See also: road trip 2018, road trip 2019
The annual road trip with my Model S is done. Over 2000km and 10 supercharging stops – this roadtrip covered only two countries this time – Belgium and France:
Some notes along the way:
- for the first time since I bough my Model S, I noticed a queue at one supercharger. A good sign, I suppose (Tesla fleet increasing), but also a worrying one – the supercharging network must be expanded quicker so that it doesn’t become a victim of its own success
- charging tip: if you use a power extender, make sure you unroll the cord. Leaving it rolled while you charge will make the extender’s thermal protection kick in, especially under the Provence summer heat (the extender will also have a restart button which you can use after it cools down).
- another charging tip: while supercharging I started to turn the cabin climate off. Walk away from the car, let it supercharge, and then, a few minutes before I go, stop charging and then cool the car. This way I avoid putting pressure on the cooling system; as I learned the hard way last year, there are parts of it that cool both the battery and the cabin.

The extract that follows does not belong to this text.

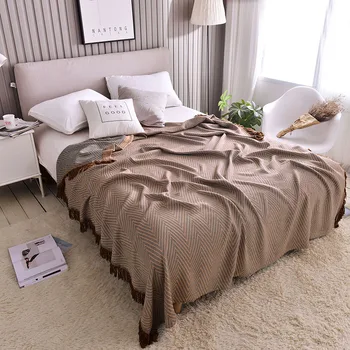 

bamboo cotton blanket muslin gauze tassels bed cover jacquard towel quilt blankets for sofa Nordic bedspread throw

- uphill roads will eat up the range pretty quickly. For instance, an elevation difference of 1200m over 21km ate up about 90km of range. Doing the same trip with an empty car doesn’t change things too much.

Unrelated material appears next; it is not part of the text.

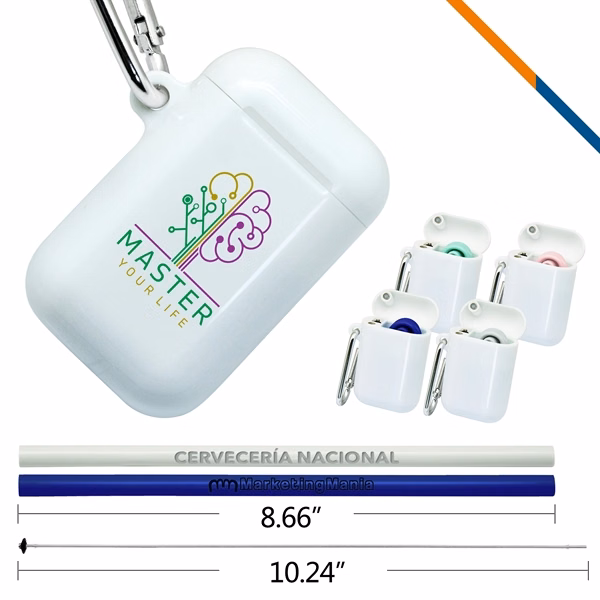 Custom Silicone Straw Kit Keychain — Container Carabiner Portable Eco Travel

- the increase in speed will eat up the range in a non-linear way. An average of 110-115km/h will keep the ‘consumption’ under 180 Wh/km, even with a full car. Going up to 130-135km will take that up to over 220 Wh/km. Non-linear, as I said: the speed goes only 17% up, but the consumption increases by 22%
- the only incident during this road trip: the driver’s door handle is now stuck half-open and I can no longer open the door from the outside. The problem is not uncommon apparently:
Tesla Model S doors, in fact all Tesla doors, are opened electro-mechanically. When you pull the door handle to unlock the door you are not mechanically releasing the door, you are actually making the door handle close a micro-switch which then triggers an electronic component to release the door. What can happen is one of the microswitches (highlighted on the picture) or the wiring coming out of it can fail and the signal either doesn’t get created or doesn’t get transmitted to where its needed.